*WHAT IS NEEDED*: Would you return the material below exactly, with no line left out?

*DATASET EXCERPT*:

============================================================

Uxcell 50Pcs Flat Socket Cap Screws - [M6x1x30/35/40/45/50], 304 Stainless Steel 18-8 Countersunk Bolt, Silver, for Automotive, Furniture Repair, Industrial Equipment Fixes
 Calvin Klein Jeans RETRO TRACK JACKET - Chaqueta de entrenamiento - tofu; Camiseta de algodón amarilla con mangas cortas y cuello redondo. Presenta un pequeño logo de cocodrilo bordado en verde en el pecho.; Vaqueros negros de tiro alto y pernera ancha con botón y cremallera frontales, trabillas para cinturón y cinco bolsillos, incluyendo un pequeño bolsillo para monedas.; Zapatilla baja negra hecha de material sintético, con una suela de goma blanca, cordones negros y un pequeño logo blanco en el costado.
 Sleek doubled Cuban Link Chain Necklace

============================================================

*RESULT BELOW*:
Uxcell 50Pcs Flat Socket Cap Screws - [M6x1x30/35/40/45/50], 304 Stainless Steel 18-8 Countersunk Bolt, Silver, for Automotive, Furniture Repair, Industrial Equipment Fixes
 Calvin Klein Jeans RETRO TRACK JACKET - Chaqueta de entrenamiento - tofu; Camiseta de algodón amarilla con mangas cortas y cuello redondo. Presenta un pequeño logo de cocodrilo bordado en verde en el pecho.; Vaqueros negros de tiro alto y pernera ancha con botón y cremallera frontales, trabillas para cinturón y cinco bolsillos, incluyendo un pequeño bolsillo para monedas.; Zapatilla baja negra hecha de material sintético, con una suela de goma blanca, cordones negros y un pequeño logo blanco en el costado.
 Sleek doubled Cuban Link Chain Necklace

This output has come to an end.